Blutige Bilder im Kopf

von Redaktion

Zentraltheater: „Clockwork Orange“

VON MELANIE BRANDL

„Mobbing, Blut, Sex, Tod …“ Die vier Hauptdarsteller, in Schwarz gekleidet, lehnen lässig an der Rückwand der leeren, dunklen Bühne und begrüßen die Zuschauer des Münchner Zentraltheaters chorisch mit dem, was sie – wie sollte es bei Anthony Burgess’ „Clockwork Orange“ anders sein? – an diesem Abend erwartet. Sie sind alle Alex, mal gleichzeitig, mal abwechselnd, sie prügeln sich und andere, sie exerzieren die Gewalt um der Gewalt willen, sie beatboxen und rülpsen, vor allem aber erzählen sie aus Alex’ Sicht von ihrem brutalen, armseligen und schändlich-schaurigen Dasein am unteren Ende der Gesellschaft.

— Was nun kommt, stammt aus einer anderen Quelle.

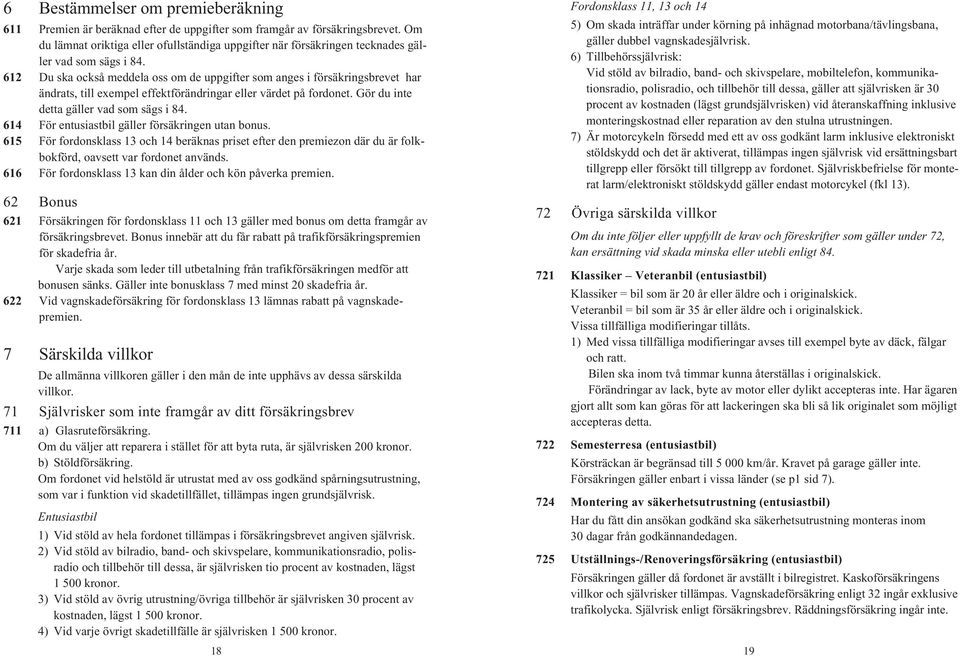 612 Du ska också meddela oss om de uppgifter som anges i försäkringsbrevet har ändrats, till exempel effektförändringar eller värdet på fordonet. Gör du inte detta gäller vad som sägs i 84.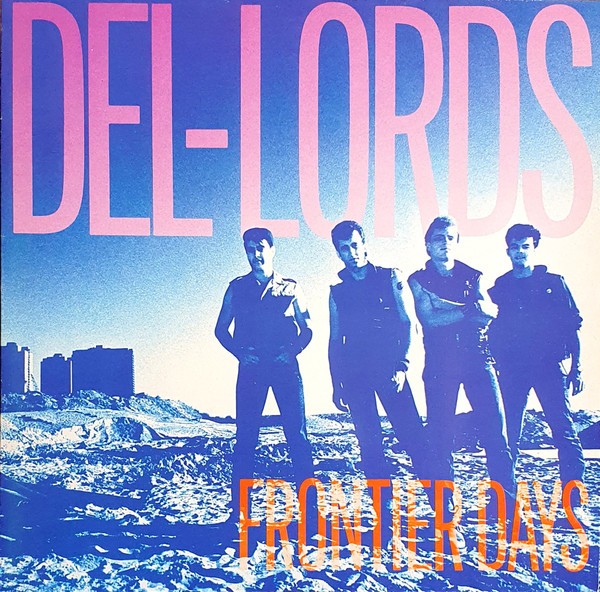 Del-Lords : Frontier Days (LP)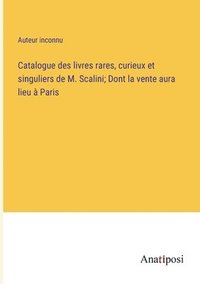 bokomslag Catalogue des livres rares, curieux et singuliers de M. Scalini; Dont la vente aura lieu  Paris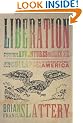 Liberation: Being the Adventures of the Slick Six After the Collapse of the United States of America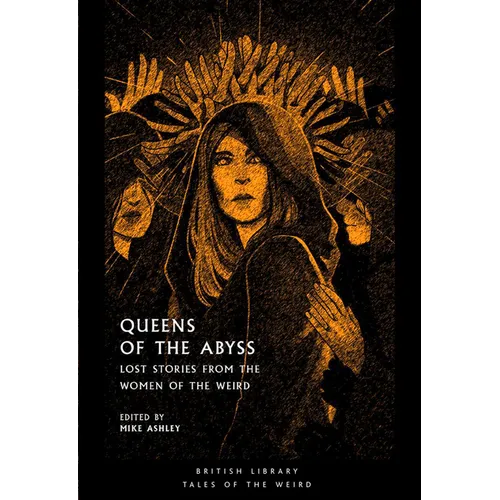 Queens of the Abyss: Lost Stories from the Women of the Weird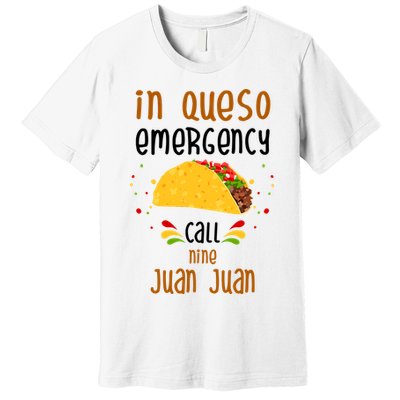 In Queso Emergency Call Nine Juan Juan Funny Mexican Premium T-Shirt
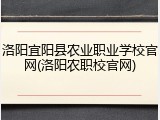 洛阳宜阳县农业职业学校官网(洛阳农职校官网)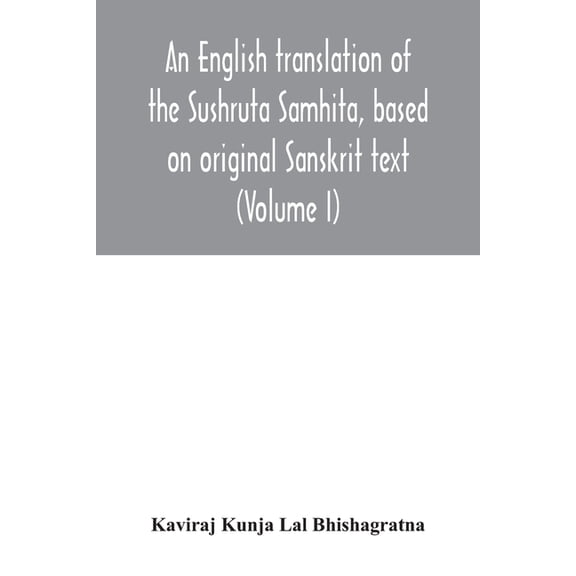 An English translation of the Sushruta Samhita, based on original Sanskrit text. With a full and comprehensive introduct, (Paperback)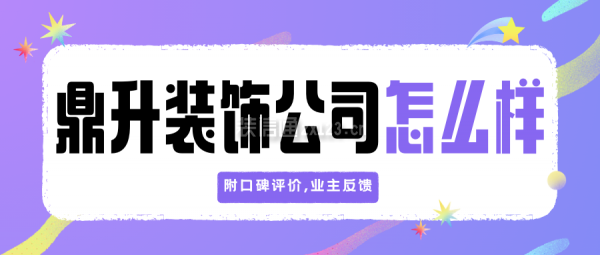 鼎升裝飾公司怎么樣？附口碑評(píng)價(jià),業(yè)主反饋,簡(jiǎn)介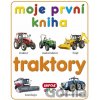 Moje první kniha: Traktory - INFOA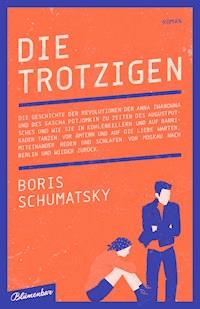 Die Trotzigen - Boris Schumatsky - E-Book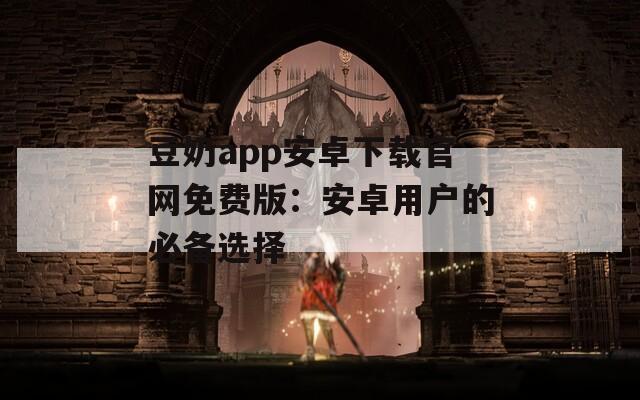 豆奶app安卓下載官網(wǎng)免費版：安卓用戶的必備選擇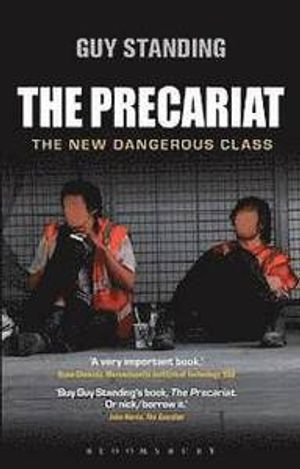 The Precariat; Guy Standing; 2011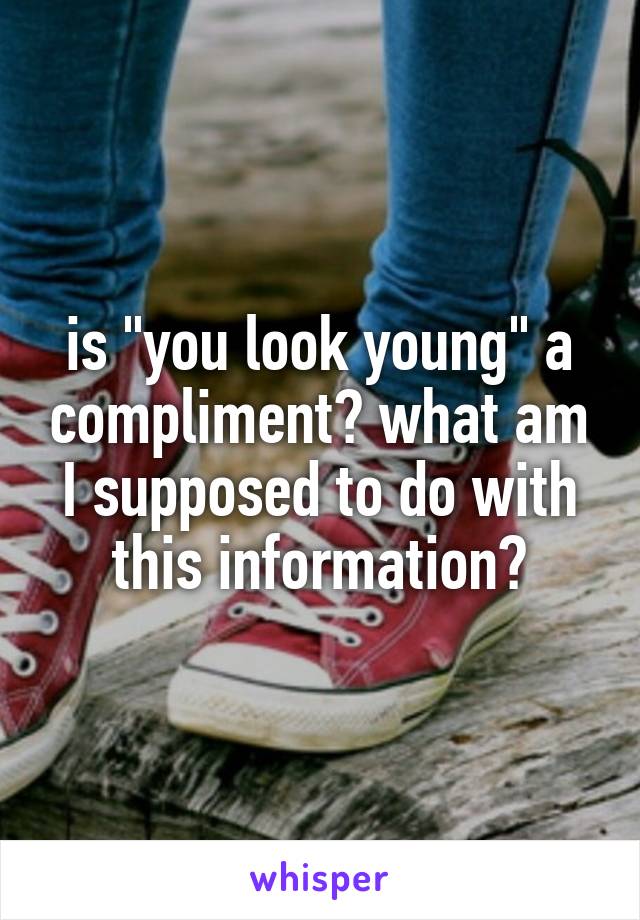 is "you look young" a compliment? what am I supposed to do with this information?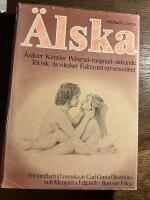 &Auml;lska : &aring;sikter, k&auml;nslor, pubertet-mognad-&aring;ldrande, teknik, avvikelser, fakta om v&aring;r sexualitet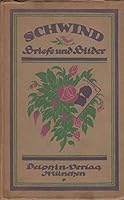 Schwind Briefe und Bilder B004RCRM6M Book Cover
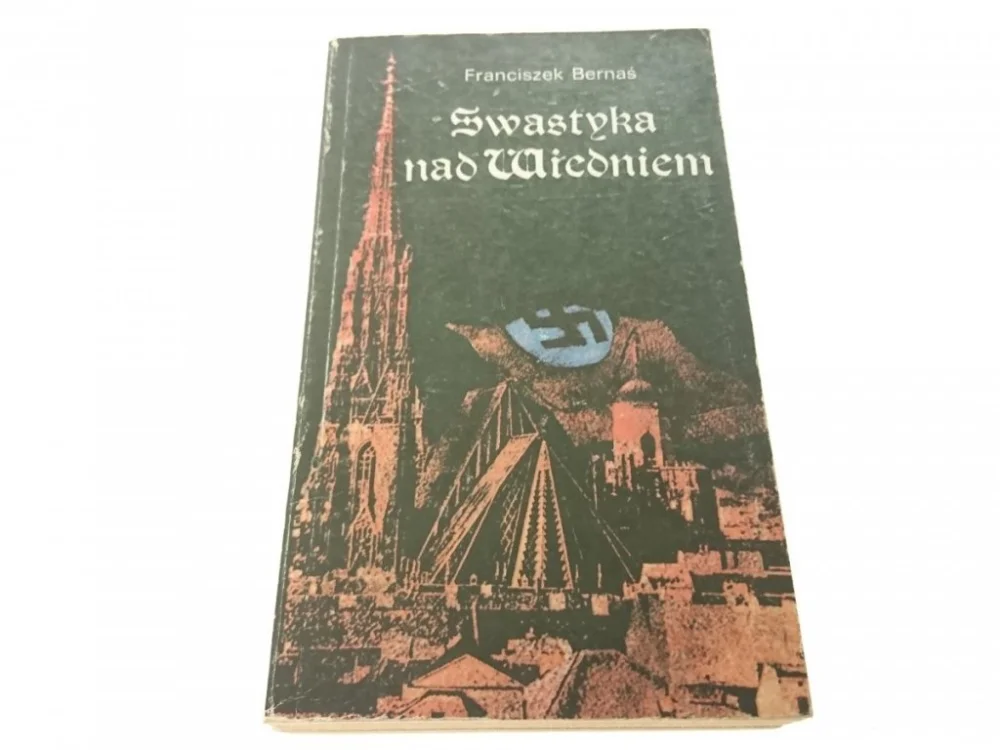 SWASTYKA NAD WIEDNIEM - Franciszek Bernaś 1987 Darmowy zwrot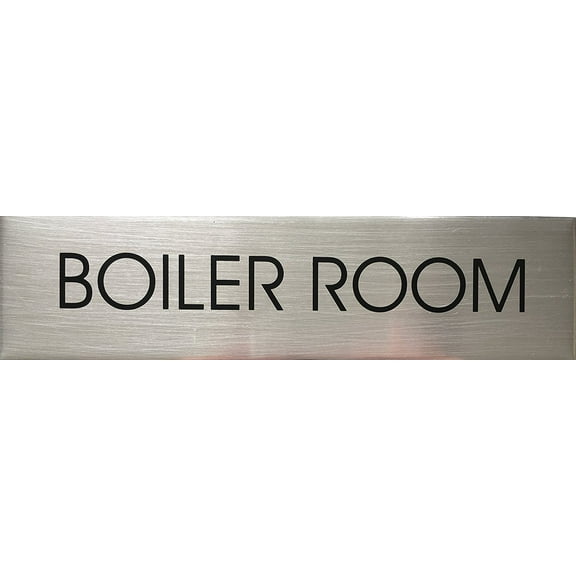 BOILER ROOM SIGN (BRUSHED ALUMINUM)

Regisseurin Lea Ralfs hält sich nah an Stanley Kubricks Kultfilm aus den Siebzigern, bietet aber auf der winzigen Bühne gleichzeitig gemeinsam mit ihrem Ensemble – Thimo Meitner, Franz-Xaver Zeller, Philipp Weigand und Lina Witte – ein Theatererlebnis, das mit dem Original an Intensität locker mithalten kann. Ralfs benötigt dazu bis auf wenige Raufszenen keine sichtbare Brutalität, kein Theaterblut oder schräge, verkünstelte Kostümierung. Allein der klug konzipierte Text (Übersetzung: Ulrich Blumenbach), die unglaubliche Bühnenpräsenz der Darsteller und ihre Spielfreude, mit der sie in Figuren und Szenen hinein- und wieder hinausspringen, schaffen Bilder im Kopf der Zuschauer, die so lebendig sind, dass sie noch lange nachwirken.

Genial ergänzt wird das Ganze von Gitarrist Oliver Mirwaldt und dem mitreißenden Bürgerchor Integra, acht jungen, weiß gekleideten Leuten, die mit Geräuschen, Sounds und Melodien vom Toten-Hosen-Song „Hier kommt Alex“ bis zu Beethovens Neunter eine Akustik-Kulisse zaubern, die jegliches Bühnenbild überflüssig macht. Das Beeindruckendste: Ohne die Gewalt zu verherrlichen oder die von der Regierung an Alex ausgeübte Gehirnwäsche zu verharmlosen, gelingt es Ralfs, die Absurdität, mit der jeder – Staat und Individuum – seine Vorteile gnadenlos durchsetzt, durch bitterbösen, schwarzen Humor bloßzustellen. Wenn auch das Lachen fast im Halse stecken bleibt, den riesigen Jubel lässt das begeisterte Publikum am Ende lautstark heraus – völlig zu Recht!

Weitere Vorstellungen,

am 6. und 7. Oktober im Zentraltheater, Paul-Heyse-Straße 28; Karten unter www.zentraltheater.de.